Collision-induced mass spectrometric fragmentation of protonated dimethoate and omethoate generated by electrospray ionization.

RATIONALE: Dimethoate (DIM, S=P (OMe)2 -S-CH2 -C(O)-NH-CH3 ) is a dimethyl phosphorodithioate pesticide widely used in agri- and horticulture that undergoes biotransformation in vivo by desulfuration into its more toxic oxono-derivative omethoate (OM, O=P (OMe)2 -S-CH2 -C(O)-NH-CH3 ). OM inhibits acetylcholinesterase thus provoking cholinergic crisis in vivo, ultimately leading to death. Quantitative approaches for the determination of DIM and OM in environmental and toxicological samples make use of tandem mass spectrometry (MS2 ). Nevertheless, so far interpretation of resulting product ions is incomplete and sometimes contradictory.

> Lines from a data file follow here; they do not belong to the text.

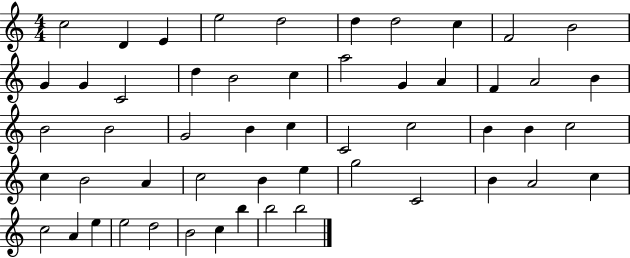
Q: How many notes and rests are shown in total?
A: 53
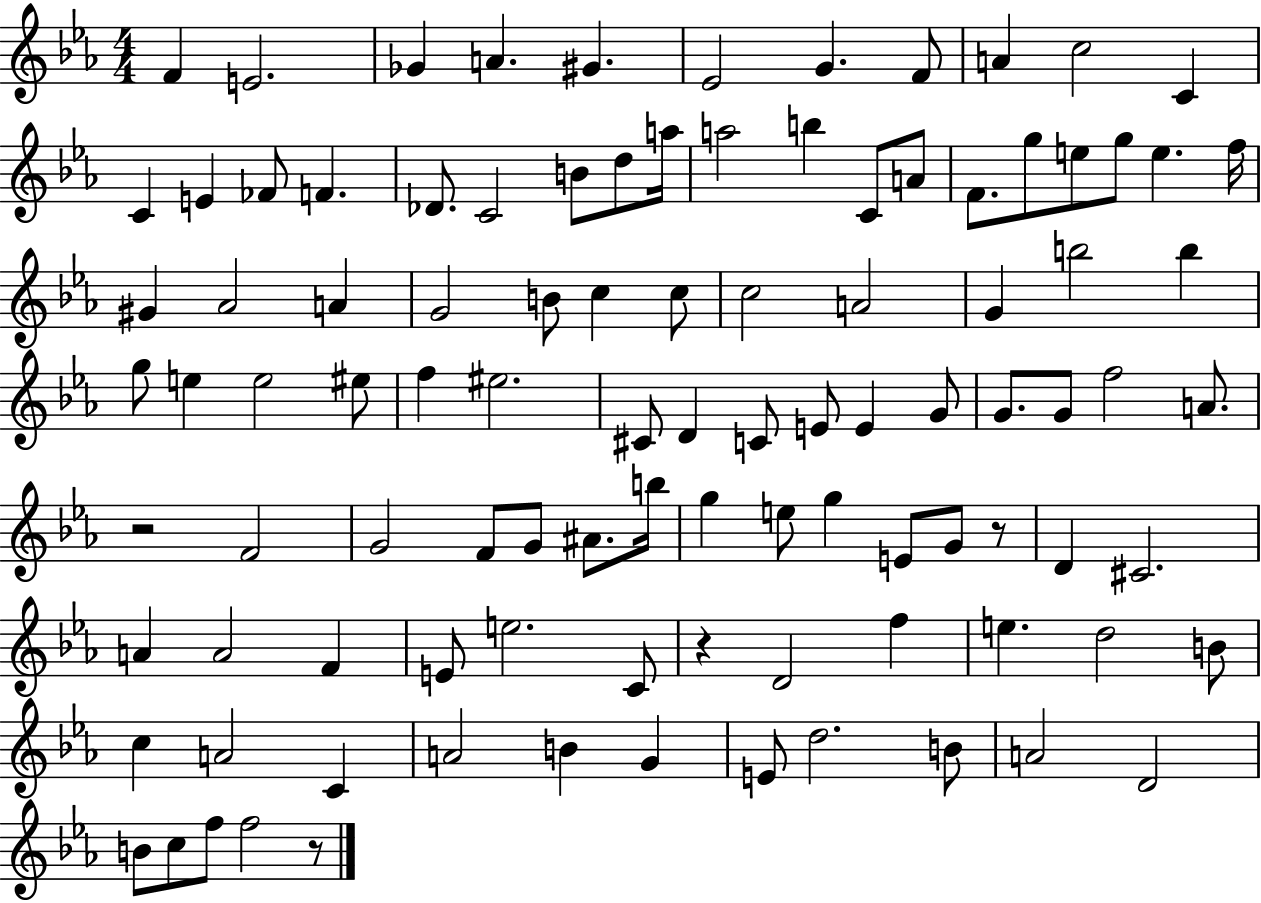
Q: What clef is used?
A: treble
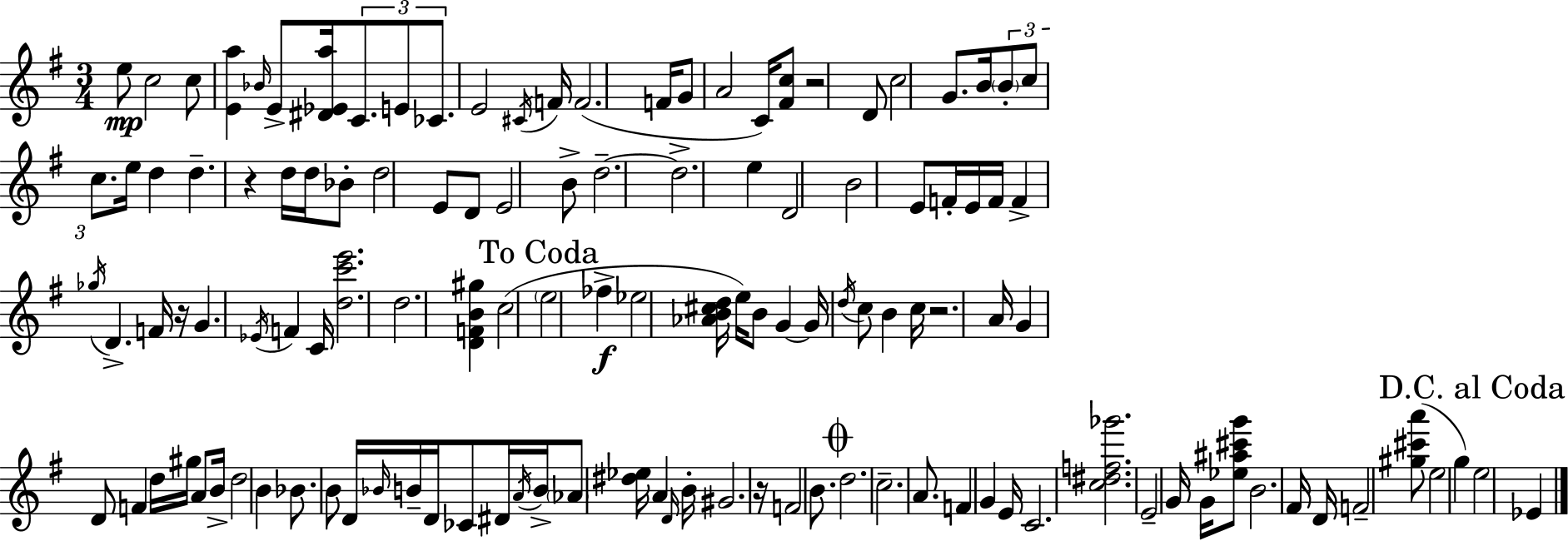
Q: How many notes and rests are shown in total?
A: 124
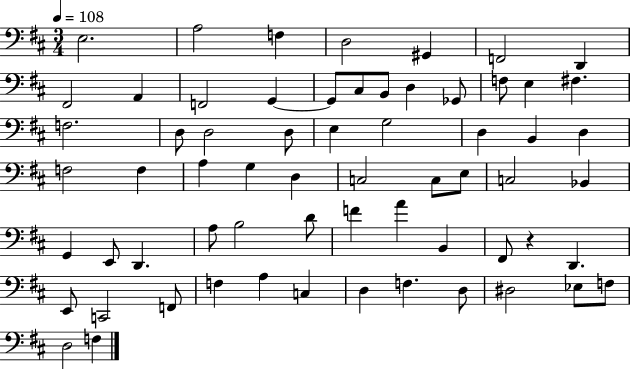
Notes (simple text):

E3/h. A3/h F3/q D3/h G#2/q F2/h D2/q F#2/h A2/q F2/h G2/q G2/e C#3/e B2/e D3/q Gb2/e F3/e E3/q F#3/q. F3/h. D3/e D3/h D3/e E3/q G3/h D3/q B2/q D3/q F3/h F3/q A3/q G3/q D3/q C3/h C3/e E3/e C3/h Bb2/q G2/q E2/e D2/q. A3/e B3/h D4/e F4/q A4/q B2/q F#2/e R/q D2/q. E2/e C2/h F2/e F3/q A3/q C3/q D3/q F3/q. D3/e D#3/h Eb3/e F3/e D3/h F3/q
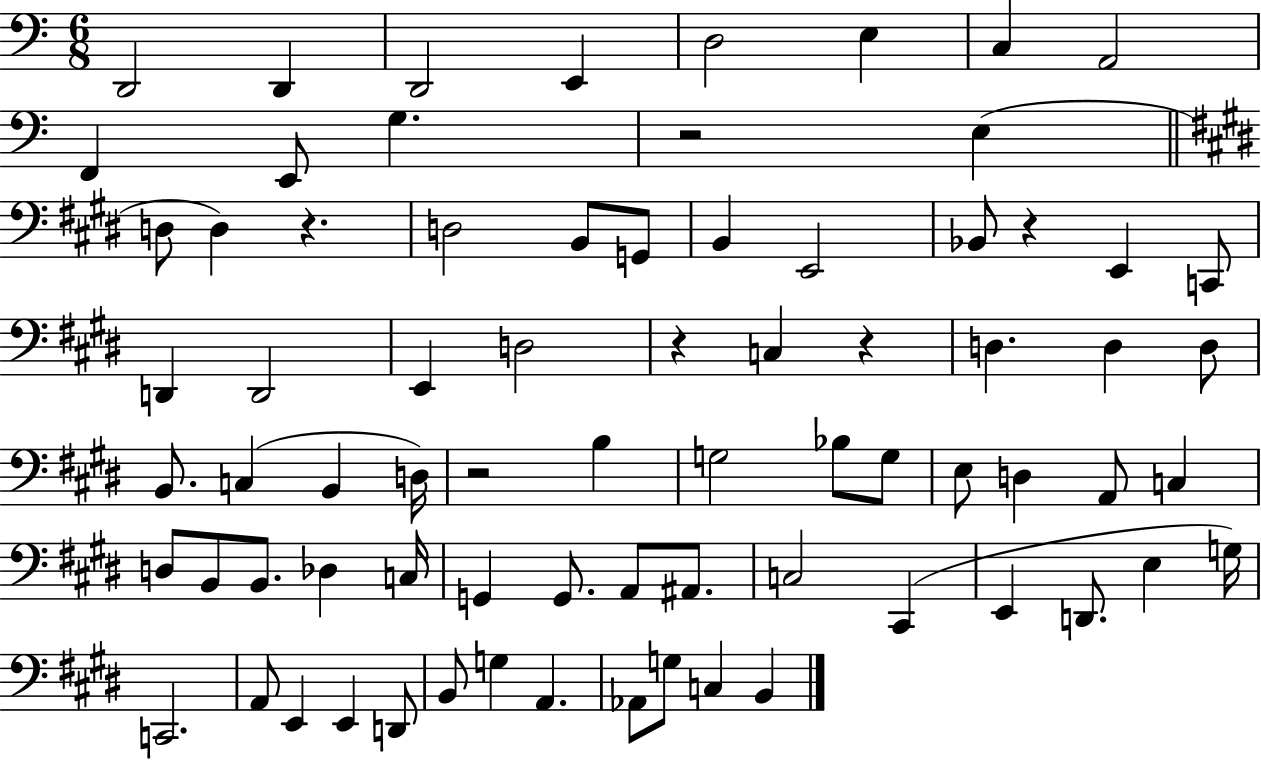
{
  \clef bass
  \numericTimeSignature
  \time 6/8
  \key c \major
  d,2 d,4 | d,2 e,4 | d2 e4 | c4 a,2 | \break f,4 e,8 g4. | r2 e4( | \bar "||" \break \key e \major d8 d4) r4. | d2 b,8 g,8 | b,4 e,2 | bes,8 r4 e,4 c,8 | \break d,4 d,2 | e,4 d2 | r4 c4 r4 | d4. d4 d8 | \break b,8. c4( b,4 d16) | r2 b4 | g2 bes8 g8 | e8 d4 a,8 c4 | \break d8 b,8 b,8. des4 c16 | g,4 g,8. a,8 ais,8. | c2 cis,4( | e,4 d,8. e4 g16) | \break c,2. | a,8 e,4 e,4 d,8 | b,8 g4 a,4. | aes,8 g8 c4 b,4 | \break \bar "|."
}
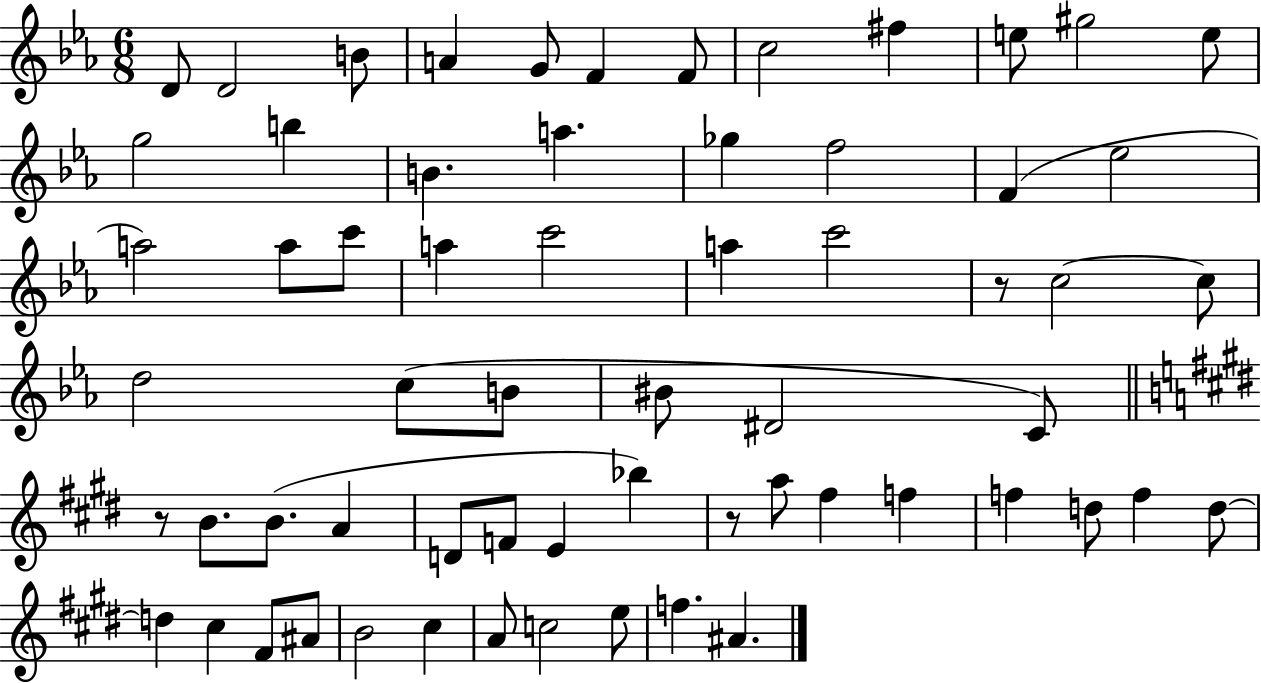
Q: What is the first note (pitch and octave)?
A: D4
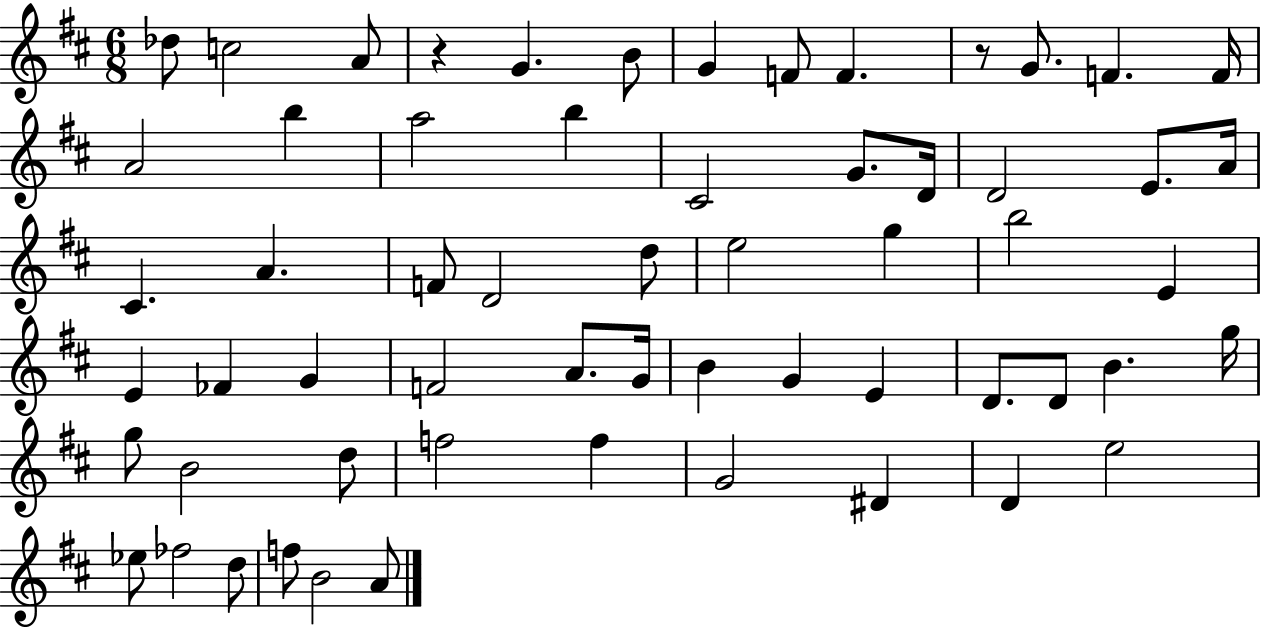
Db5/e C5/h A4/e R/q G4/q. B4/e G4/q F4/e F4/q. R/e G4/e. F4/q. F4/s A4/h B5/q A5/h B5/q C#4/h G4/e. D4/s D4/h E4/e. A4/s C#4/q. A4/q. F4/e D4/h D5/e E5/h G5/q B5/h E4/q E4/q FES4/q G4/q F4/h A4/e. G4/s B4/q G4/q E4/q D4/e. D4/e B4/q. G5/s G5/e B4/h D5/e F5/h F5/q G4/h D#4/q D4/q E5/h Eb5/e FES5/h D5/e F5/e B4/h A4/e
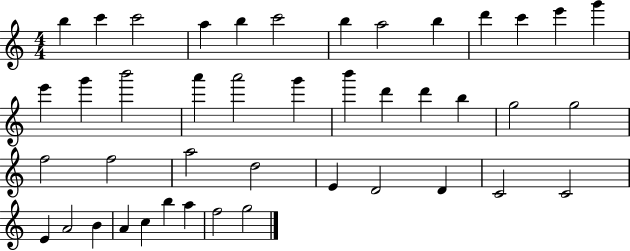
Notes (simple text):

B5/q C6/q C6/h A5/q B5/q C6/h B5/q A5/h B5/q D6/q C6/q E6/q G6/q E6/q G6/q B6/h A6/q A6/h G6/q B6/q D6/q D6/q B5/q G5/h G5/h F5/h F5/h A5/h D5/h E4/q D4/h D4/q C4/h C4/h E4/q A4/h B4/q A4/q C5/q B5/q A5/q F5/h G5/h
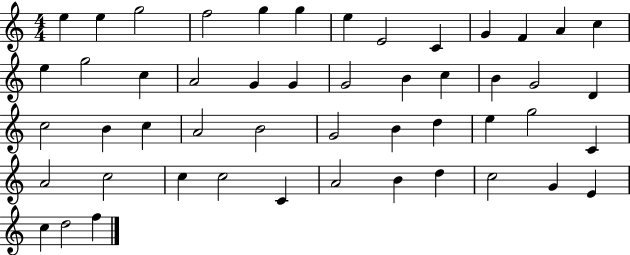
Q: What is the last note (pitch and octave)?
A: F5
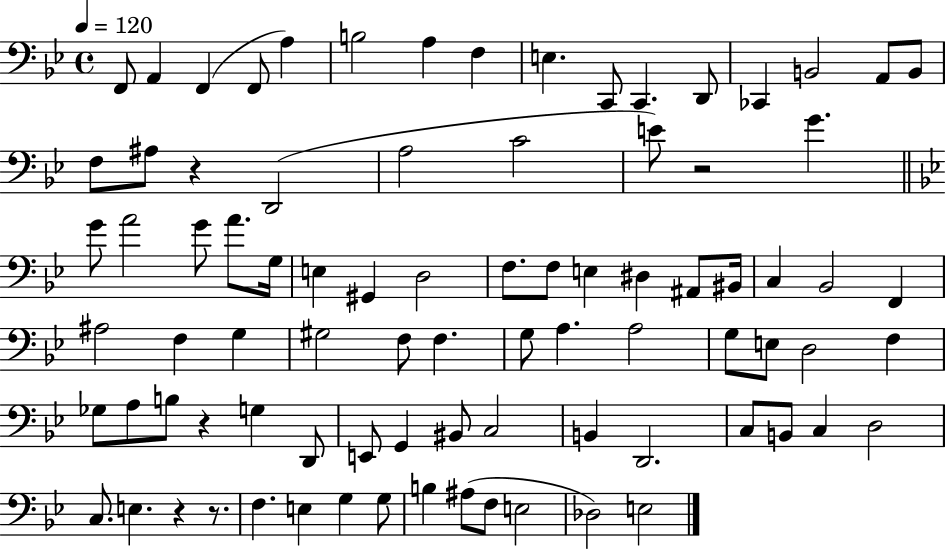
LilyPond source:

{
  \clef bass
  \time 4/4
  \defaultTimeSignature
  \key bes \major
  \tempo 4 = 120
  f,8 a,4 f,4( f,8 a4) | b2 a4 f4 | e4. c,8 c,4. d,8 | ces,4 b,2 a,8 b,8 | \break f8 ais8 r4 d,2( | a2 c'2 | e'8) r2 g'4. | \bar "||" \break \key bes \major g'8 a'2 g'8 a'8. g16 | e4 gis,4 d2 | f8. f8 e4 dis4 ais,8 bis,16 | c4 bes,2 f,4 | \break ais2 f4 g4 | gis2 f8 f4. | g8 a4. a2 | g8 e8 d2 f4 | \break ges8 a8 b8 r4 g4 d,8 | e,8 g,4 bis,8 c2 | b,4 d,2. | c8 b,8 c4 d2 | \break c8. e4. r4 r8. | f4. e4 g4 g8 | b4 ais8( f8 e2 | des2) e2 | \break \bar "|."
}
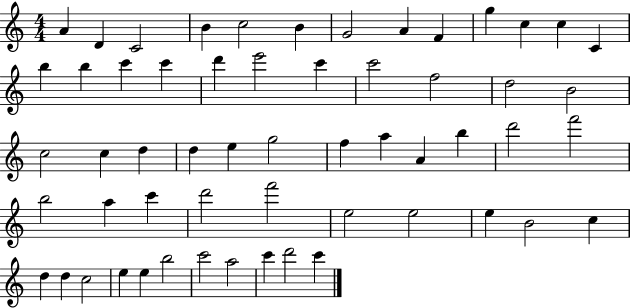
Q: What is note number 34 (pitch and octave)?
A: B5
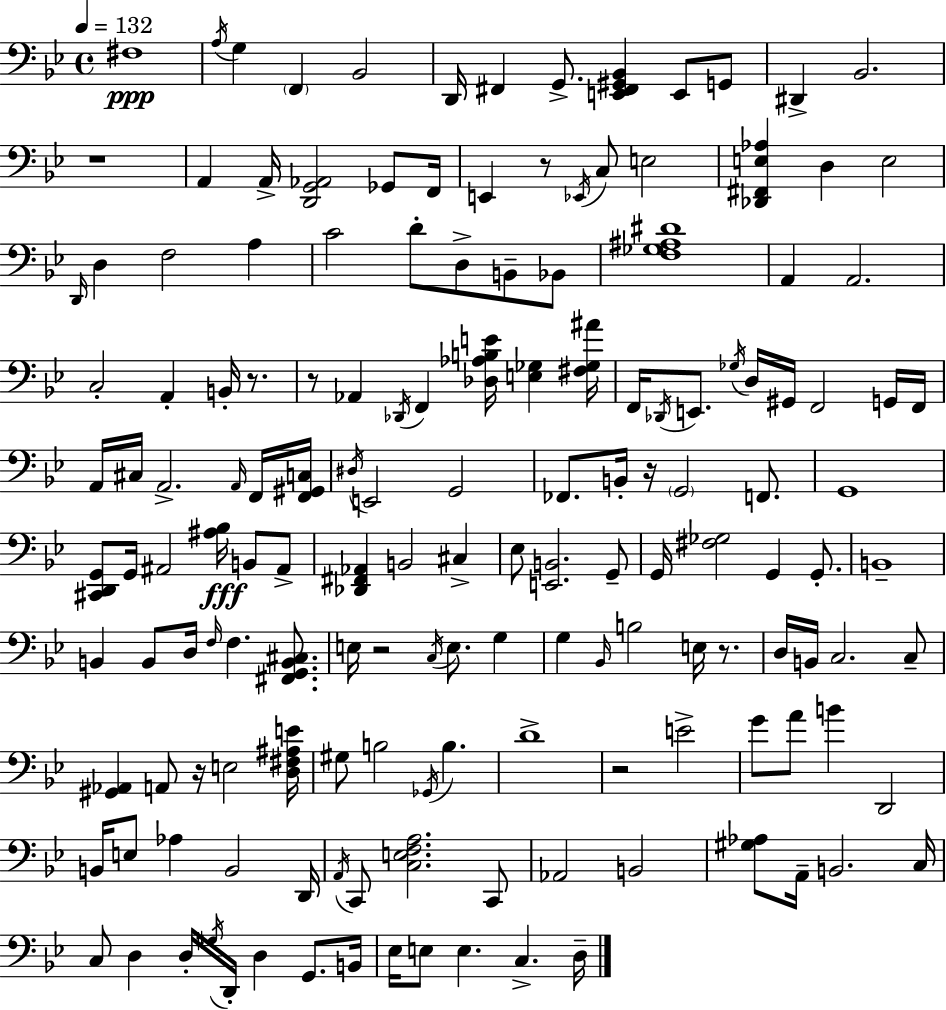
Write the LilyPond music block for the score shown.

{
  \clef bass
  \time 4/4
  \defaultTimeSignature
  \key g \minor
  \tempo 4 = 132
  fis1\ppp | \acciaccatura { a16 } g4 \parenthesize f,4 bes,2 | d,16 fis,4 g,8.-> <e, fis, gis, bes,>4 e,8 g,8 | dis,4-> bes,2. | \break r1 | a,4 a,16-> <d, g, aes,>2 ges,8 | f,16 e,4 r8 \acciaccatura { ees,16 } c8 e2 | <des, fis, e aes>4 d4 e2 | \break \grace { d,16 } d4 f2 a4 | c'2 d'8-. d8-> b,8-- | bes,8 <f ges ais dis'>1 | a,4 a,2. | \break c2-. a,4-. b,16-. | r8. r8 aes,4 \acciaccatura { des,16 } f,4 <des aes b e'>16 <e ges>4 | <fis ges ais'>16 f,16 \acciaccatura { des,16 } e,8. \acciaccatura { ges16 } d16 gis,16 f,2 | g,16 f,16 a,16 cis16 a,2.-> | \break \grace { a,16 } f,16 <f, gis, c>16 \acciaccatura { dis16 } e,2 | g,2 fes,8. b,16-. r16 \parenthesize g,2 | f,8. g,1 | <cis, d, g,>8 g,16 ais,2 | \break <ais bes>16\fff b,8 ais,8-> <des, fis, aes,>4 b,2 | cis4-> ees8 <e, b,>2. | g,8-- g,16 <fis ges>2 | g,4 g,8.-. b,1-- | \break b,4 b,8 d16 \grace { f16 } | f4. <fis, g, b, cis>8. e16 r2 | \acciaccatura { c16 } e8. g4 g4 \grace { bes,16 } b2 | e16 r8. d16 b,16 c2. | \break c8-- <gis, aes,>4 a,8 | r16 e2 <d fis ais e'>16 gis8 b2 | \acciaccatura { ges,16 } b4. d'1-> | r2 | \break e'2-> g'8 a'8 | b'4 d,2 b,16 e8 aes4 | b,2 d,16 \acciaccatura { a,16 } c,8 <c e f a>2. | c,8 aes,2 | \break b,2 <gis aes>8 a,16-- | b,2. c16 c8 d4 | d16-. \acciaccatura { gis16 } d,16-. d4 g,8. b,16 ees16 e8 | e4. c4.-> d16-- \bar "|."
}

METHODS: DIM and OM as well as their deuterated analogues (fully deuterated at both methoxy groups bound to the phosphorus atom) were analysed by MS2 and MS3 after positive electrospray ionization and collision-induced dissociation (CID) in a linear ion trap to characterize fragmentations. The accurate mass of product ions was determined in a time-of-flight mass analyser. H/D-exchange experiments were carried out for further support of product ion identification. In addition, density functional theory (DFT) computations were used to calculate both the most stable protonation sites of DIM and OM and the changes in the diverse bond lengths after protonation.

RESULTS: Some identical and some related product ions of DIM and OM were found but also striking individual differences. Fragmentation pathways were proposed and product ions identified. Most fragmentations followed the common rules of charge migration fragmentation. DFT calculations supported experimental findings.

CONCLUSIONS: Discrepancies present in the literature so far are clarified and a deeper insight is provided into the fragmentation processes of organophosphorus pesticides. The combination of diverse experimental and theoretical approaches yielded consistent results, thus demonstrating continuous progress in understanding gas-phase reactions in MS experiments.